Their earliest draft of an ESP32 module, called the ESP3212, has been scrapped and replaced with the ESP-32S, with a pinout that’s identical to Espressif’s WROOM32, according to [Angus Gratton] of Espressif. AI-Thinker started up production in early October, and there are modules available for around $8 on Taobao.com.

We’re stoked to see a second source for modules, because all of the stock-outs and backorders are getting a little bit old. And we’re doubly stoked that they’re using the same footprint as Espressif. That’s one more thing that we won’t have to worry about.

Summary

At the moment who has what in stock is in flux, but if you look a little deeper, you can find an ESP32 development board or module. This is all bound to change over the next few weeks, so let us know what, where, and for how much you find yours. We look forward to these modules and development boards being as ubiquitous and easy to use as their predecessor.
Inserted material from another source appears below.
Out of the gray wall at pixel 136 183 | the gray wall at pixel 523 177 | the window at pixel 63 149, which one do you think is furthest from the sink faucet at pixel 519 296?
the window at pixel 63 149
45 thoughts on “ESP32 Modules Popping Up Everywhere, In Stock Almost Nowhere

      1. Scroll down just a couple of lines from the header and…

        “Note: this product is out of store now , need to 2016-11-25 can be available. If you buy, you need to wait !!!!
        Thanks for your understanding . We always love you !!!”
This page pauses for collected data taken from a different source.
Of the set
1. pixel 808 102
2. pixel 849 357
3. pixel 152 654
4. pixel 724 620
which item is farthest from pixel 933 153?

        …but we love your money even more. :-)

        1. I value the well-labeled breakout boards and development modules. I also value the fact that they are small.

          With these cheap boards, it is entirely possible that you’re wiring up the first, while consulting on the pinout on the bottom of the second one. If you have only one, that pops out of a drawer a few years down the line, you don’t have to google and hope the doc you found is for the exact same version as you have or the other one with the changed pinout. Then you can consult the pinout on the board, plan ahead and then solder it where you want it….

  1. or you can just wait until the supply chain catches up instead of maxing out a credit card and buying 500 of the damn things first chance you get. They will probably be making these for a few years, and unless you just “have-to-be-first-to-blink-LED” – I think you can wait a little bit.

    But this is the first product HaD has hyped into unobtainium and it probably won’t be the last…

      1. One of the reasons why I am not an early adopter of pretty much anything anymore. I let the supply chain settle down, let other people suffer the gremlins and do all the hard work, the price comes down and then I’ll buy in. But being the first to make an LED blink or get doom to load on some new dev board is someone else’s fun and I can wait. But some people see a new part and just can’t help themselves, and nine tenths of the time they never do anything terribly impressive, if anything at all. Impulsive buyers just serve to get all the junk out of the chain and drive prices up for a short while.

      2. Yup. Waiting for more stable supply, maturity in the dev infrastructure, and reports from the field.

        Now, for the ESP8266 I did jump on early and try to come to grips with it… and it was kind of fun, watching the docs evolve and frameworks appear. And now I have like 20 plus of them kicking around in some format or other. By the time I use up that stash, the ESP 32 and I will be ready for each other.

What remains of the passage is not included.